Royal Lyceum
Five stars
Kathryn Howden in The Guid Sisters |
The play, premiered in 1968, was revolutionary in its use of joual, the Quebec working-class dialect that's been turned into pungent Glaswegian by Martin Bowman and Bill Findlay. Even if the use of joual isn't so controversial now, the play retains its political clout. On the one hand, the women are restrained by their Catholic faith; on the other, they are teased by capitalism's get-rich-quick promises. To compensate for the drudgery and repression, they have the dream of a win on the bingo.
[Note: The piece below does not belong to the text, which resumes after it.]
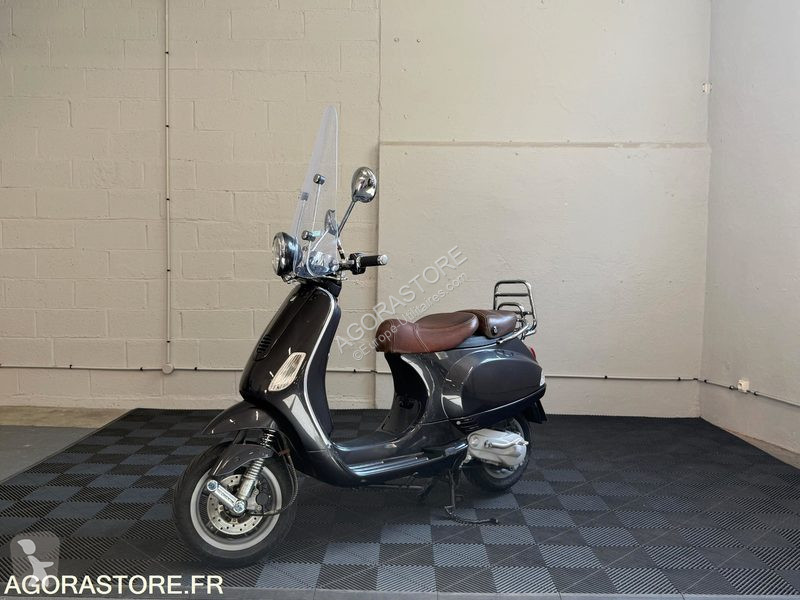 Furgoneta Piaggio LX/LXV 50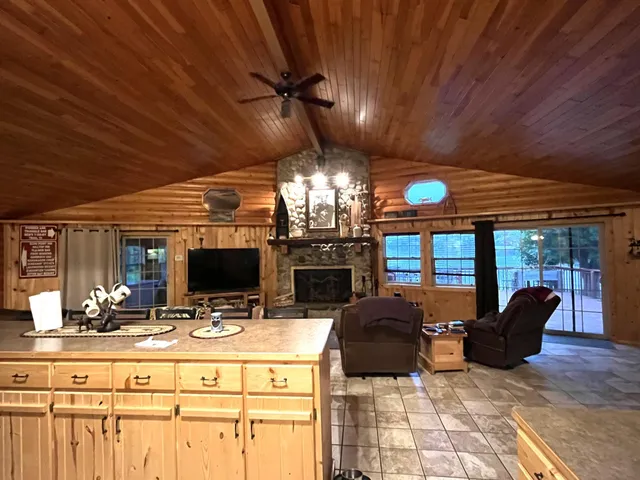 $495,000 | 12970 White Eagle Lane, Kabetogama, MN 56669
Throwing in images of the last supper and a crucified Christ in a superb production for the Lyceum and the National Theatre of Scotland, director Serge Denoncourt grasps not only the play's social context, but also Tremblay's instinct for theatrical poetry. Whether performing a choral rap on the subject of housework, or taking the spotlight for a heartbreaking interior monologue, the women step beyond domestic realism into a more complex dimension.
Leading an exemplary ensemble, Kath Howden plays Germaine like a queen bee, too delighted with herself to see the envy she is arousing, too immersed in her own small victory to see herself as what she is: a victim of a system that cultivates impossible dreams. A closing round of A Man's a Man for a' That, by Burns, reminds us of the hollowness of the consumerist promise.